The voice of renowned Virginia Baptist minister — and president of Richmond College (later University or Richmond) — Robert Ryland is appealed to this month in the pages of the Virginia Baptist Religious Herald.

Ryland’s pastorate is that of the First African Baptist Church of Richmond, where he has served from 1841 (the year of the formation of the congregation as a branch of the First Baptist Church of Richmond) to the present, and where he remains as pastor throughout the war. Virginia law dictates that African churches be led by white pastors, and Ryland goes the extra mile in educating his charges in the knowledge of the Bible, to the point of authoring (in 1848) a 148-page catechism “for coloured people.” At the time of his resignation from the African congregation upon the conclusion of the war — in order that church members may elect an African pastor — he is credited with having baptized over 3800 persons during his ministry.

Such is Rev. Ryland’s respect among white Baptists regarding his work among African Baptists that now, in the midst of the Confederate’s struggle to preserve African slavery, a writer in the Herald suggests that he write a book to address the relationship of Christianity and Africans. The North Carolina Baptist Biblical Recorder makes note of this request, while offering additional commentary.

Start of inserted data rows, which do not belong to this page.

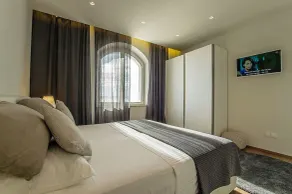 Vast villa, private heated pool - *free dinner offer - Image 3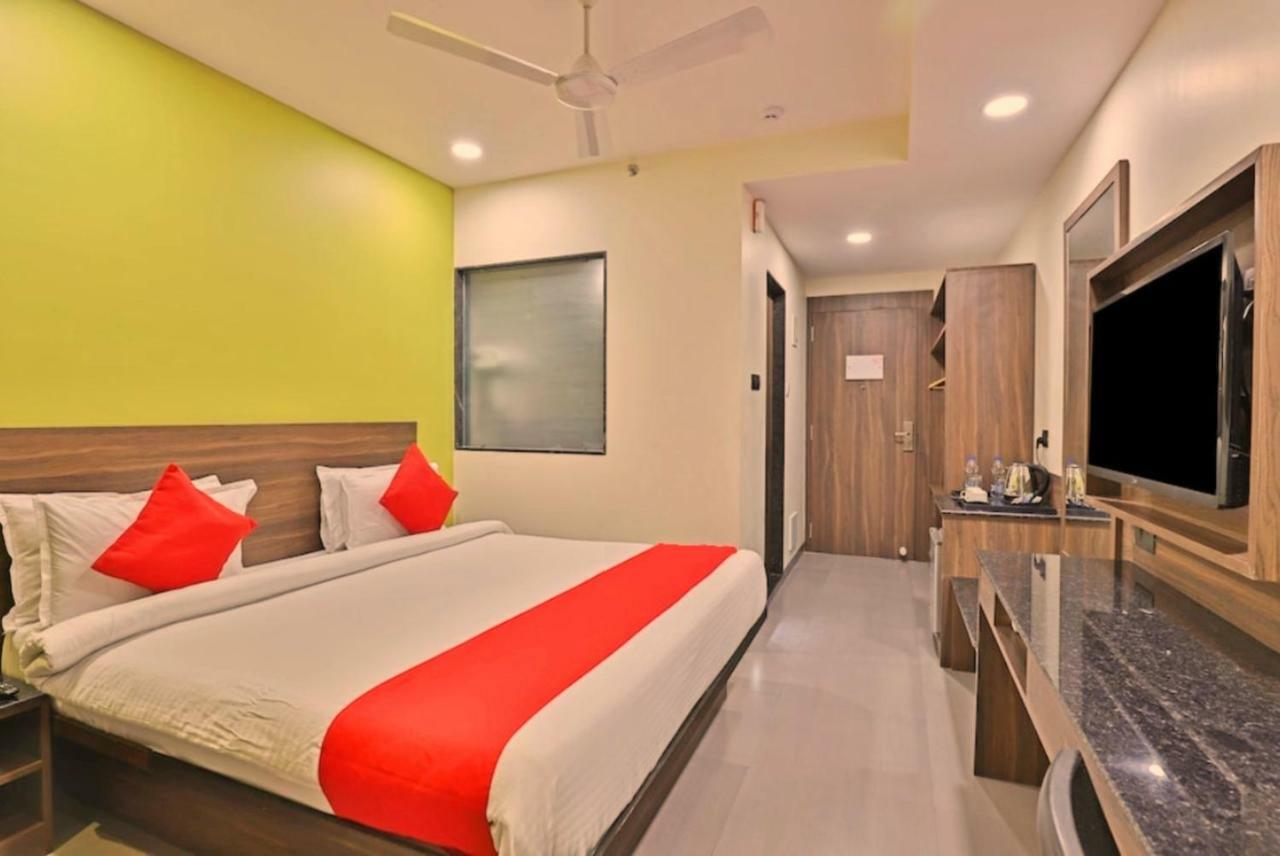 Genx Surat By 1589 Hotels Palsana  Bagian luar foto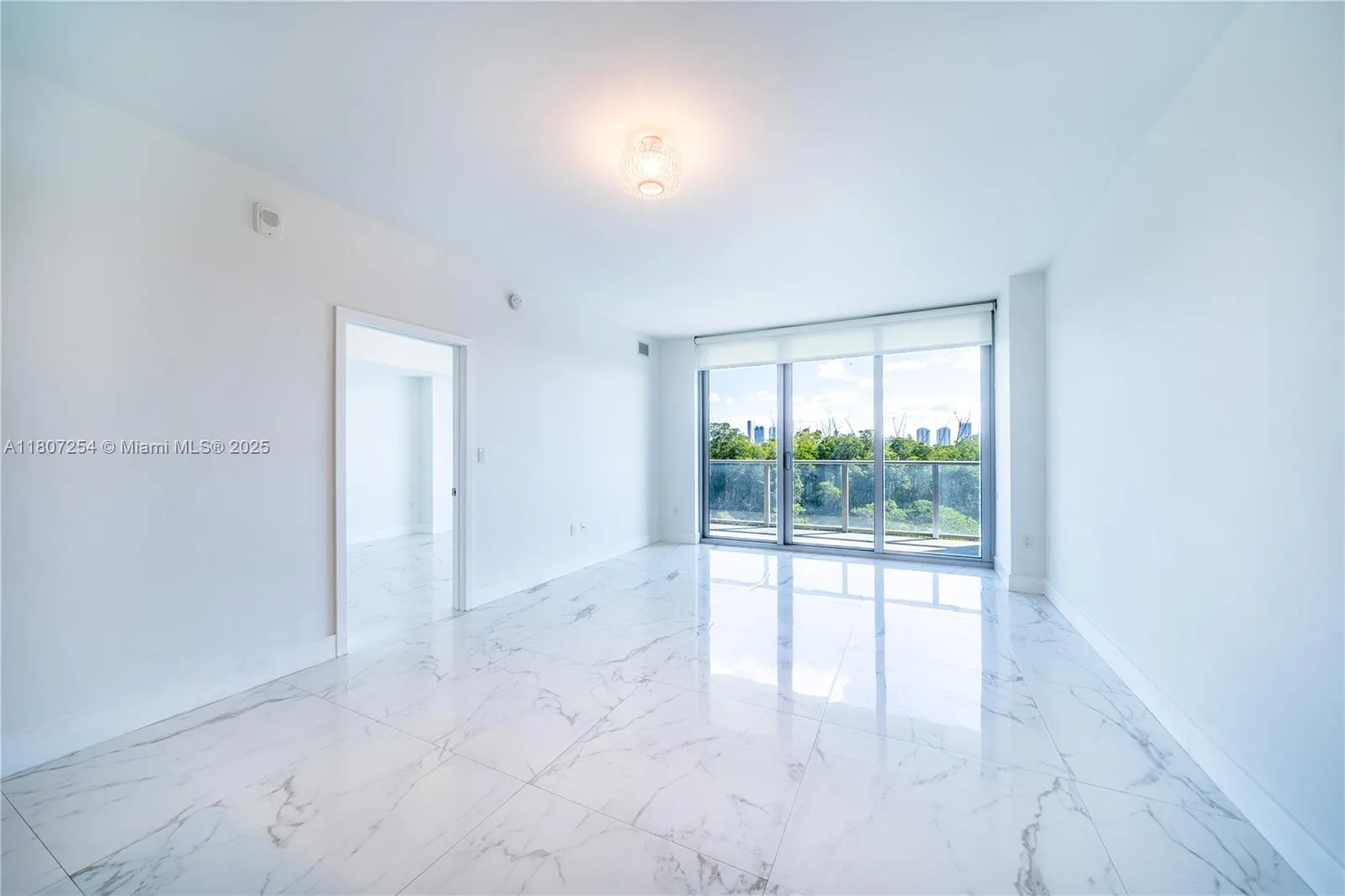 16385 Biscayne Blvd # 417, North Miami Beach, FL 33160 photo 4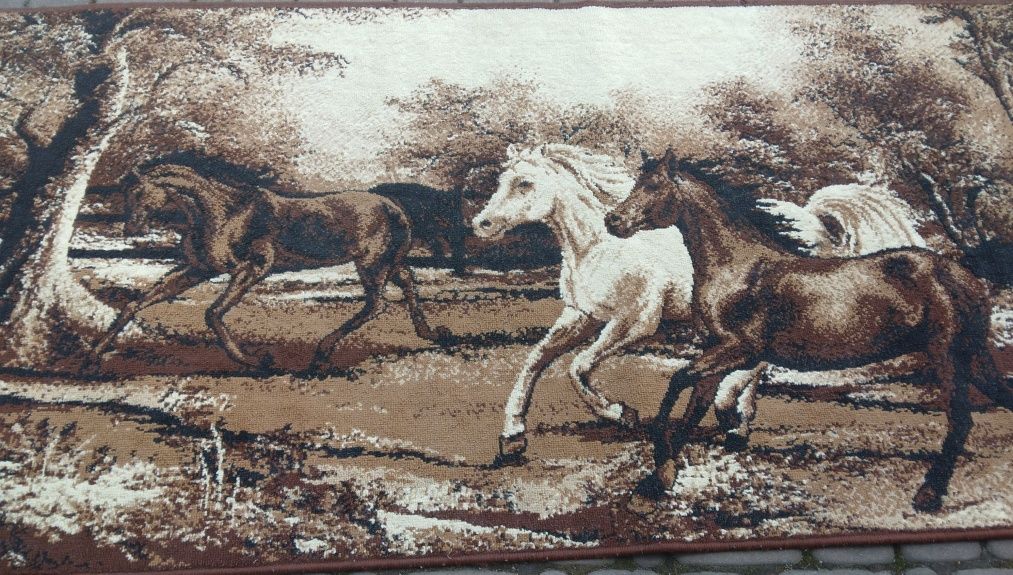 Dywanik , kilim Konie ,Galop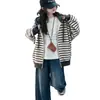 Abrigo de Otoño para Niñas 2026 Nuevo Modelo Camiseta Rayada Infantil Cárdigan con Capucha Holgado de Moda para Niños Mayores Ropa de Abrigo Tendencia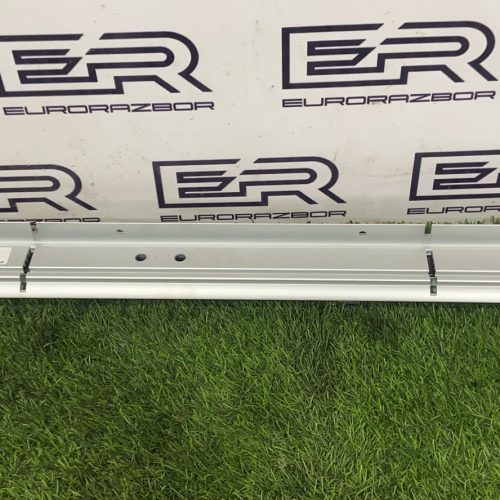 Крепёжная направляющая багажника левая BMW X5 М F85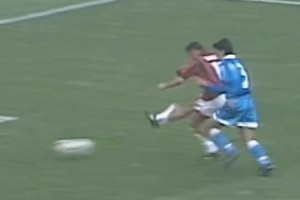 他是您的足球初戀嗎？每個(gè)動(dòng)作都透露著優(yōu)雅！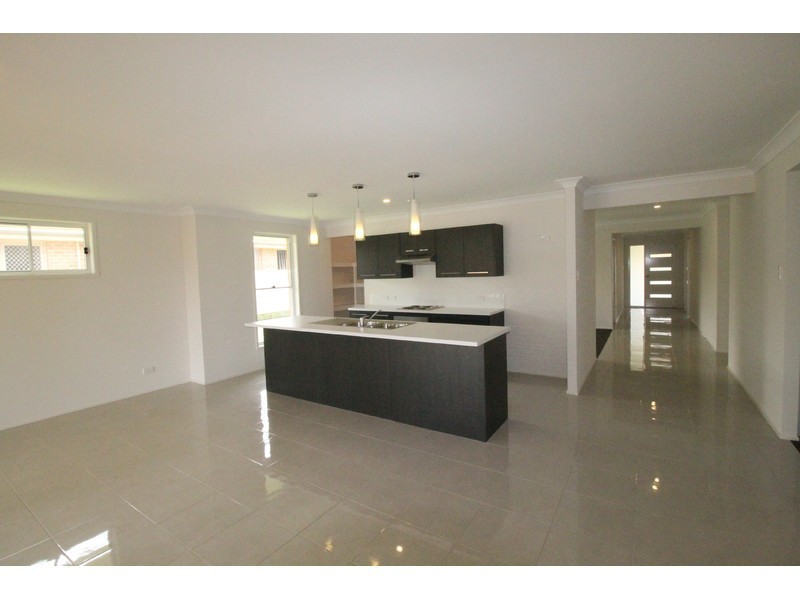 18 Hogbin Crescent, Sanctuary Point NSW 2540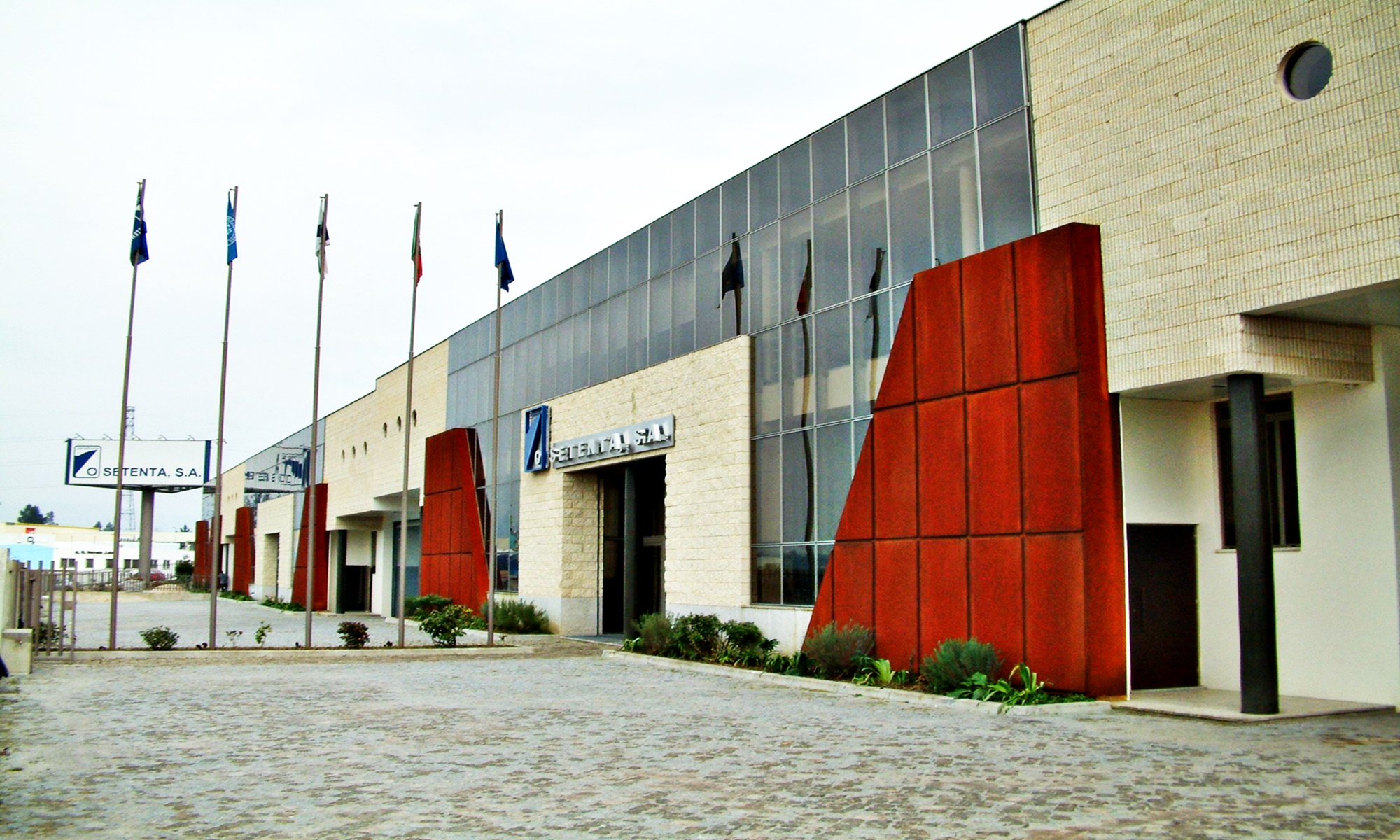 Instalações d'O Setenta - Parque Industrial de Adaúfe 2002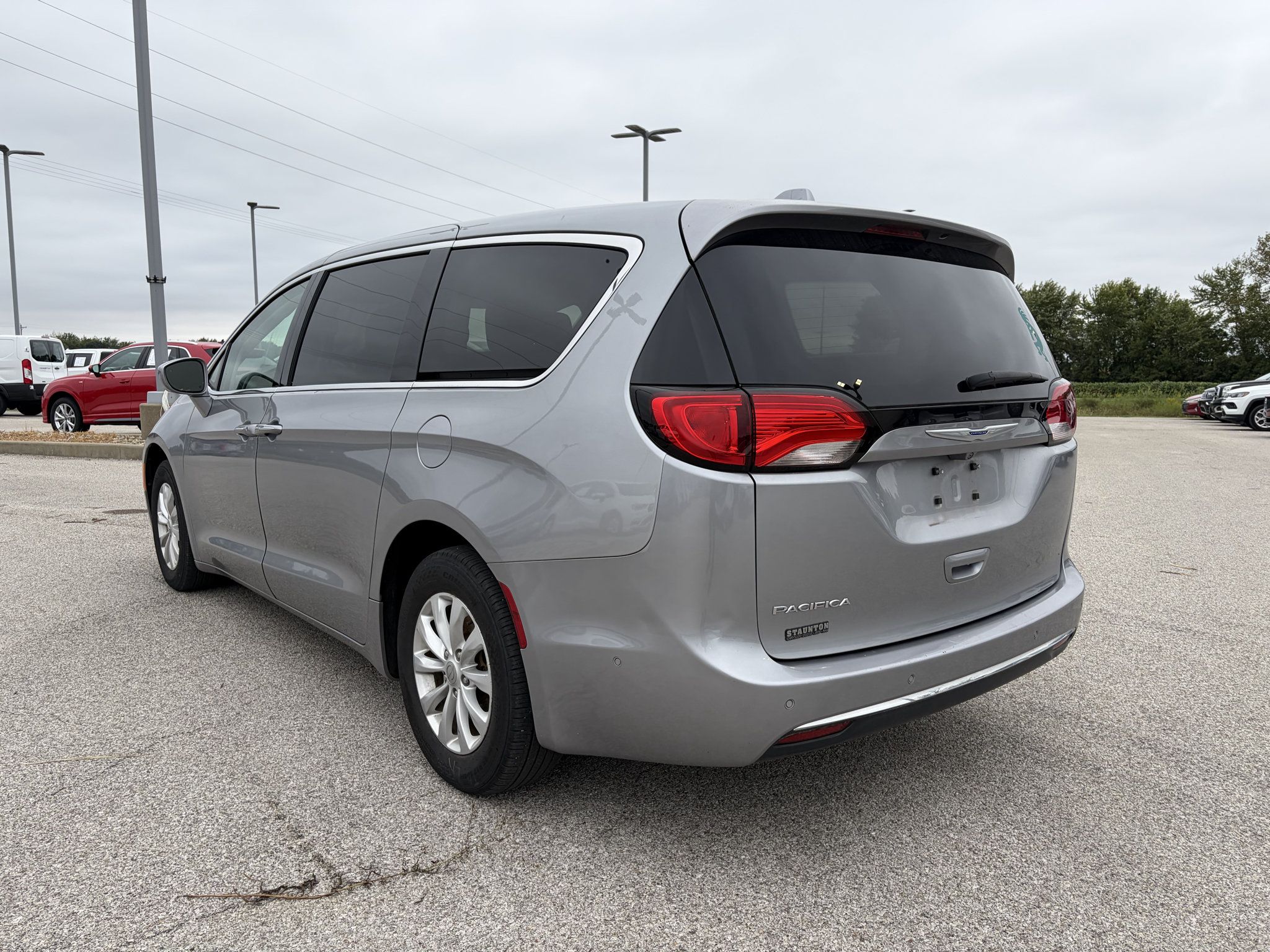 Used 2019 Chrysler Pacifica Touring Plus w/ Advanced Safetytec Group FWD image 5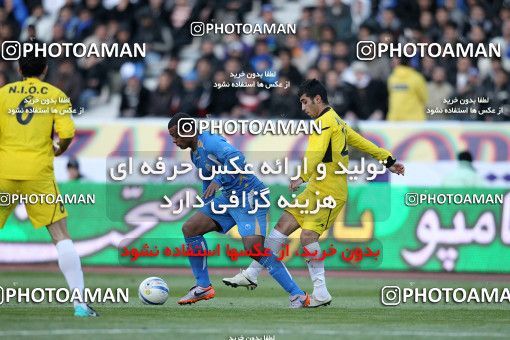 1174989, Tehran, [*parameter:4*], لیگ برتر فوتبال ایران، Persian Gulf Cup، Week 23، Second Leg، Esteghlal 3 v 1 Naft Tehran on 2011/02/18 at Azadi Stadium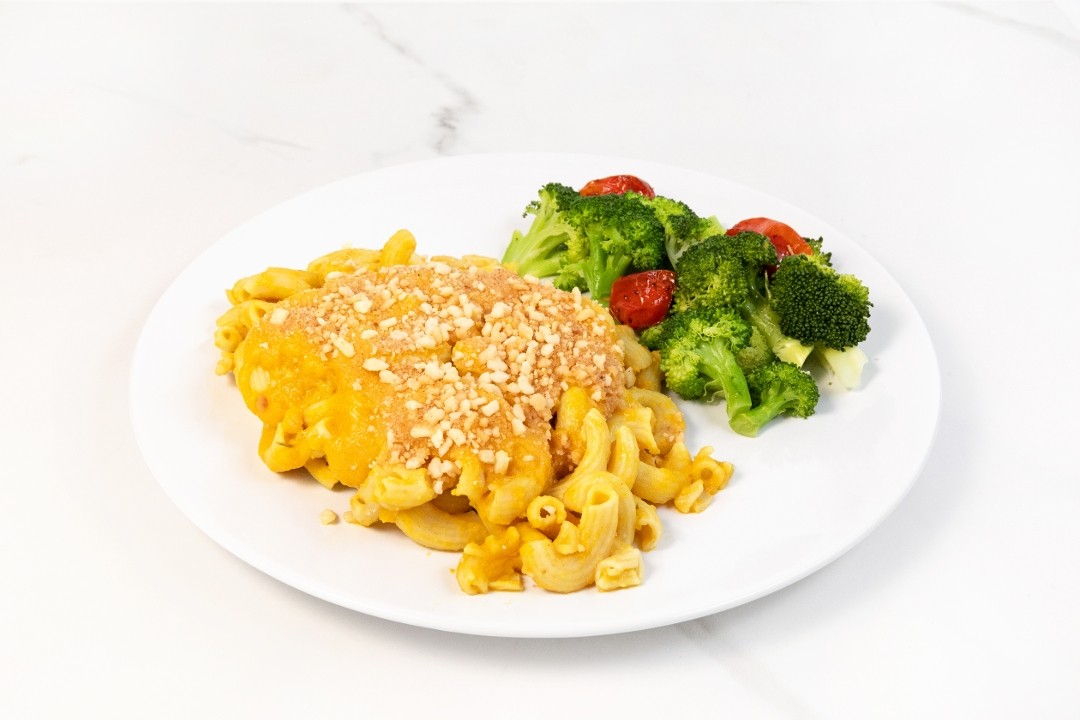 Mac and Cheese with Broccoli -Fresh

A writer in the Religious Herald proposes that Dr. Ryland prepare and publish, at his earliest convenience, a volume, to be called, “Christianity and the African.” The points to be brought out are, “the adaptedness of the gospel to the most illeterate and ignorant, the peculiar defects and the peculiar beauties of the piety in the negro, the purity and elevation of Christian character he sometimes attains, the capability of colored children to embrace the gospel, an account of the ways ignorance affects piety, the amount of irregularity among colored church members as compared with that among white, their shrewdness, their rhetoric, their music, their logic, their prayers, and practical rules for the conduct of colored churches.” Such a book, if well prepared, would be an invaluable addition to the religious literature of the South. Dr. R. we presume, is well qualified for the work, and we hope it will be forthcoming.

Perhaps due to the time involved pastoring a large congregation and presiding over a college, Ryland does not follow through on the suggestion.